Meningitis is a disease where the protective membranes that cover the spinal cord and brain are inflamed. The inflammation can be caused by infection with bacteria, viruses, or other micro-organisms. Meningitis can be life-threatening because of its proximity to the spinal cord and brain, although it can get better on its own in just a few weeks. It can lead to serious long-term consequences including epilepsy, cognitive deficits, deafness, and hydrocephalus, and is classified as a medical emergency.

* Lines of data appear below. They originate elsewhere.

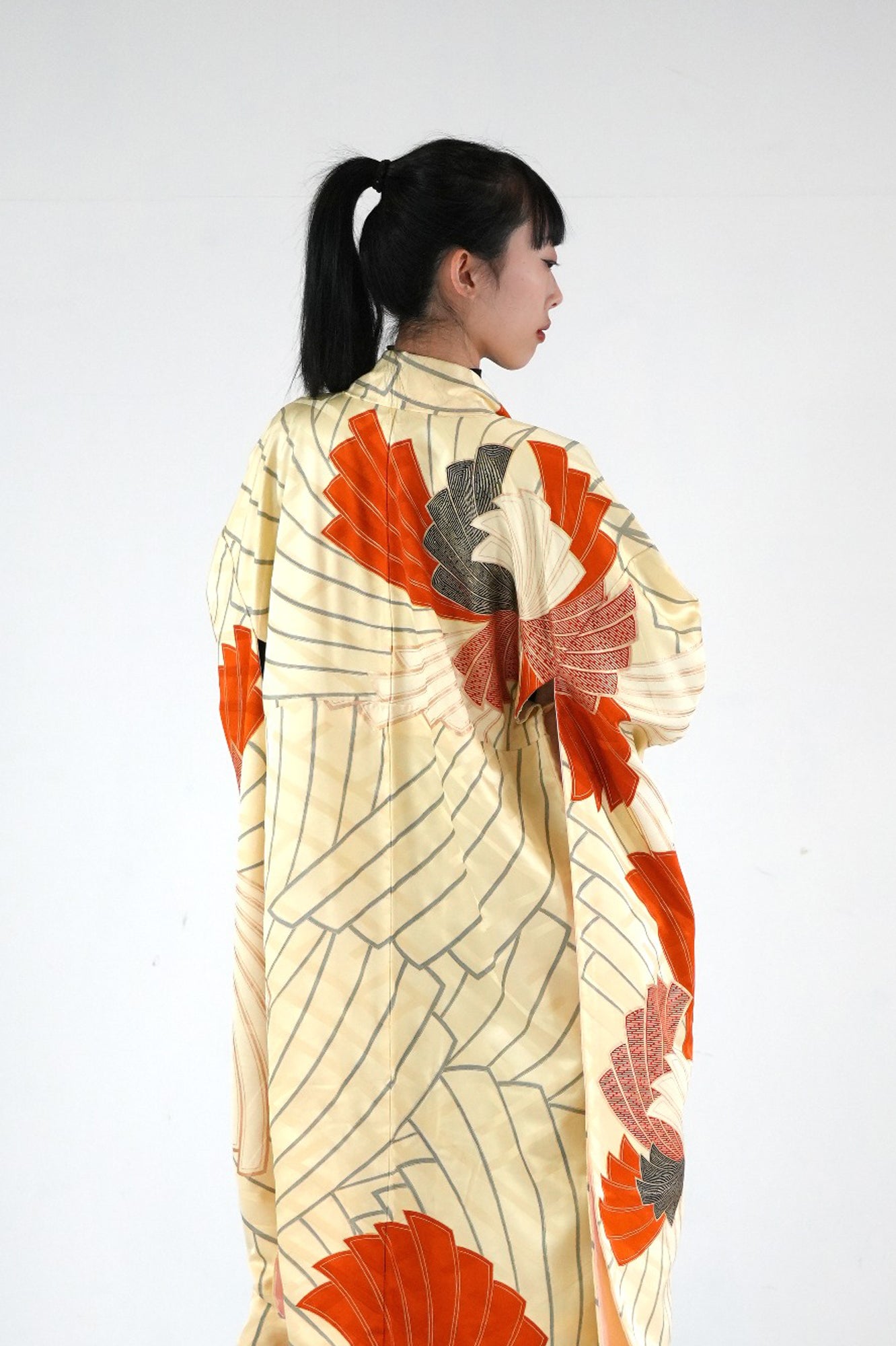 Redefining the Vintage Furisode Collection "FRI015"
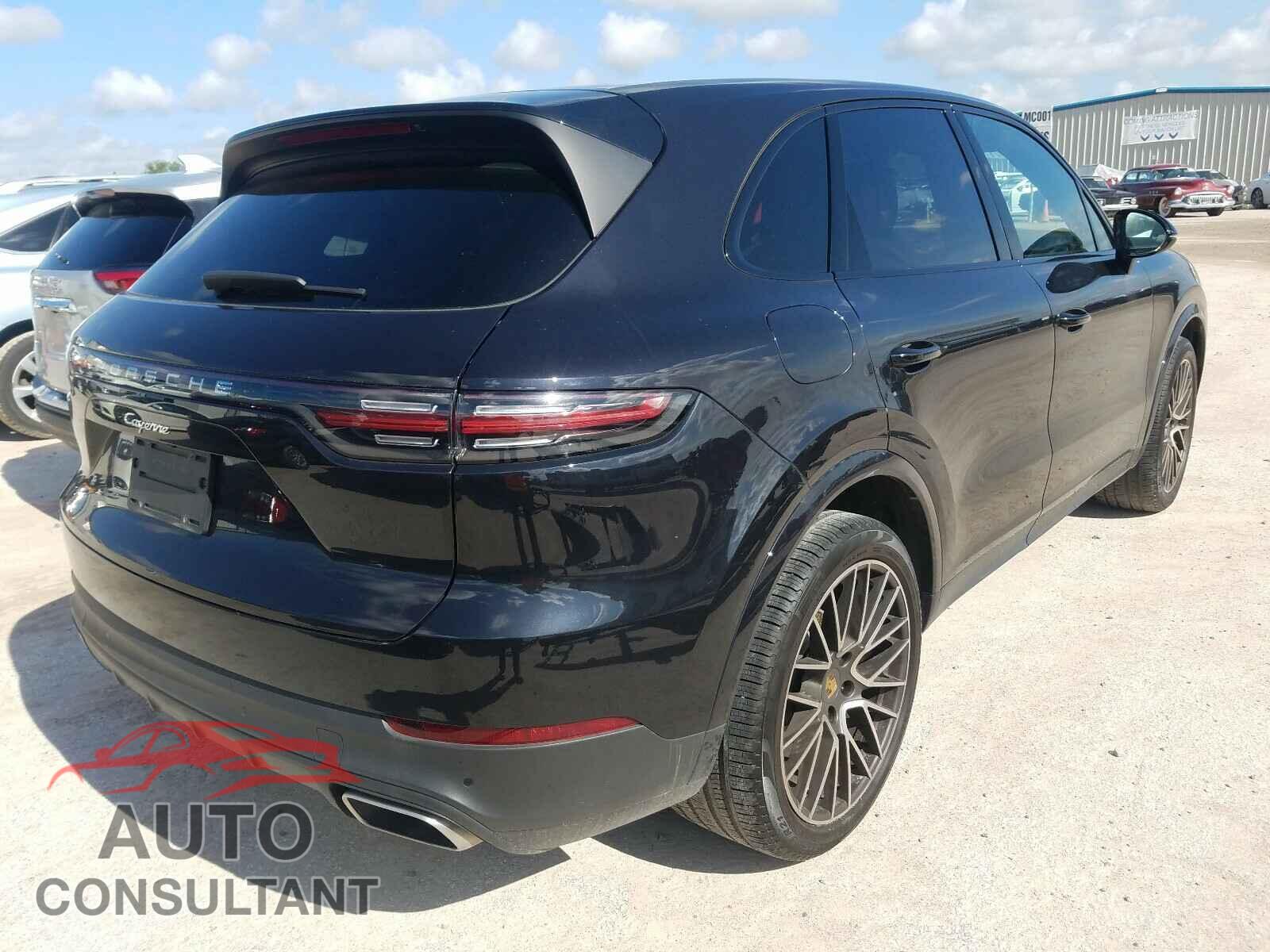 PORSCHE CAYENNE 2019 - WP1AA2AY9KDA10330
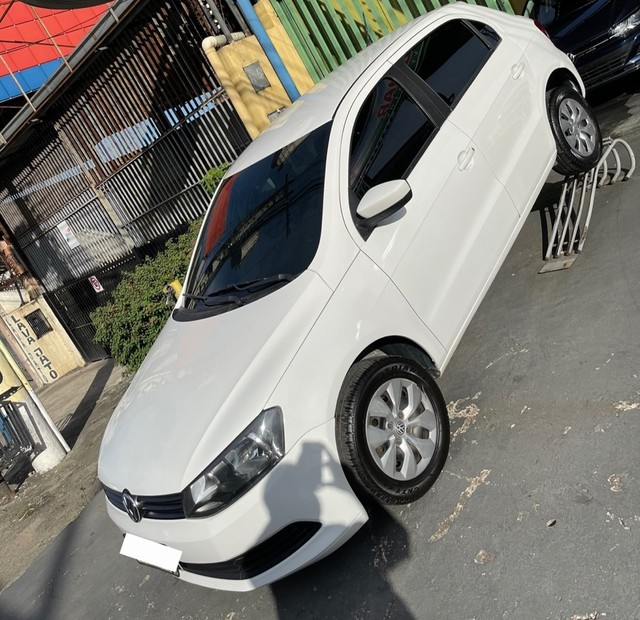 GOL G6 2016 COMPLETO !! 9 MIL !!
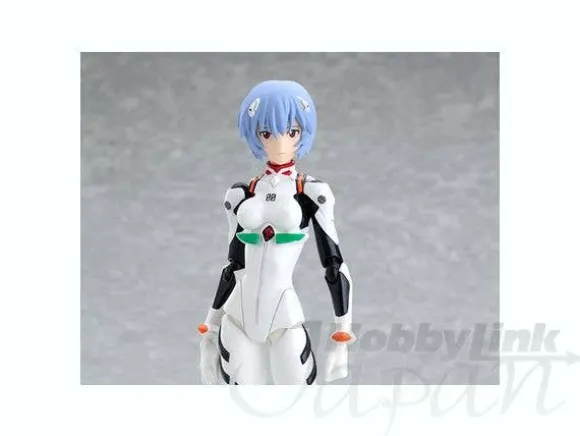figma Rei Ayanami Plug Suit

Signs and symptoms of meningitis may develop over a few days or several hours. It is important to seek medical care immediately if you or someone you know has symptoms or signs of meningitis. These symptoms include sudden high fever, stiff neck, severe headache, difficulty concentrating, confusion, nausea or vomiting, difficulty waking up, seizures, sensitivity to light, skin rash, and a lack of interest in eating and drinking. In newborns, parents should look for constant crying, inactivity, high fever, excessive sleepiness, a bulge in the soft spot on the baby’s head, poor feeding, and stiffness in the baby’s neck and body. Viral meningitis generally improves without treatment, but bacterial meningitis can strike quickly and is very serious, requiring antibiotic treatment to fully recover. The Meningitis Research Foundation has more information about the symptoms of the disease.
Meningitis can result from a bacterial infection, although it usually occurs because of a viral infection. Acute bacterial meningitis occurs when bacteria enter the bloodstream and migrate to the spinal cord and brain. It can occur as a result of a sinus or ear infection, and sometimes a skull fracture. There are a number of strains of bacteria that can cause acute bacterial meningitis. Streptococcus pneumoniae causes pneumonia or sinus and ear infections, which can lead to meningitis. This is a common infection in the United States. Neisseria meningitis occurs when bacteria enters the bloodstream from an upper respiratory infection. This is a highly contagious infection and affects mainly young adults and teenagers. Viral meningitis is generally mild and often clears on its own. A group of viruses called enteroviruses causes most viral meningitis cases in the United States. Viruses such as HIV, herpes, West Nile, and mumps can also cause viral meningitis. Chronic meningitis occurs when the fluid and membranes surrounding the brain is invaded by slow-growing organisms. Meningitis can also result from non-infectious cases, such as drug allergies, chemical reactions, and certain types of cancer.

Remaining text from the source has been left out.